O que acontece de extraordinário nos 64 minutos (a depuração vem atingindo, também, a duração dos filmes de Oliveira) de Singularidades de uma Rapariga Loura é que sua nudez simbólica produz, em si, outros mistérios. Pois essa simplicidade – nunca simplista – é alcançada por uma inquietude extrema do diretor em relação à construção do plano, onde o mistério pode vir não pela sua transcrição encenada, mas pela maneira como o cinema se põe diante do mundo. Pode se chegar a isso pela supressão do contraplano (lembremos das cenas na portaria do prédio onde mora Luísa, onde as saídas de cena são marcadas apenas pela invasão da luz que vem de fora, quando a porta se abre), pela manipulação do som (o comentário que se torna a leitura do poema de Fernando Pessoa, por Luís Miguel Cintra, pelo simples descolamento diegético do som ambiente), pela ausência de certas imagens (os roubos que nunca vemos) ou mesmo pela distância entre a câmera e o ator (a frieza duríssima do plano final). São recursos de uma simplicidade extrema, que surpreendem justamente por isso: quando tudo parece desnudo, nasce, enfim, o mistério.
O cinema de Manoel de Oliveira é encantador por ser, em si, extremamente encantado com o poder das mais sedimentadas convenções da linguagem cinematográfica – o uso asfixiante do raccord nas sequências finais de Um Filme Falado (2003); a câmera subjetiva em Espelho Mágico (2005); as luzes que se apagam em Sempre Bela (2006); a maneira como as panorâmicas e o contra-plongeé simbolizam dois povos, e duas práticas imperialistas, em Cristovão Colombo (2007); etc.
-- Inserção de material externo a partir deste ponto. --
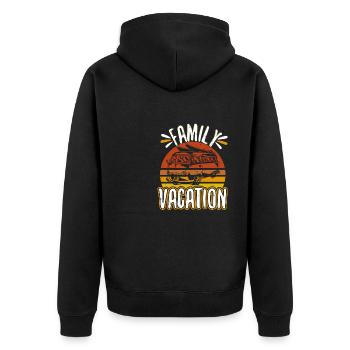 Vacation Surfing Bus Beaches - Unisex Premium Organic Zip Hoodie - black - Back - Nico (187cm)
Ao limpar esses artifícios ao que eles têm de mais essencial – e por isso é natural que os filmes de Oliveira denotem tons “artificiais” – o diretor os restitui de uma vida que a redução à eficiência narrativa parecia ter retirado. Tal como Luísa e seus véus, a imagem também é capaz de se esconder por trás de camadas difusoras de sentido, onde as coincidências da construção podem ser, também, enganadoras. As imagens de Manoel não são em nada menos misteriosas, ou – por que não? – enganadoras. Mas se apresentam como imagens construídas por artifícios, condicionando o embarque do espectador à percepção de que ele crê em algo produzido para tal fim. Por isso a simplicidade é tão essencial; só assim, as imagens podem voltar a ser, enfim, o que ela realmente são.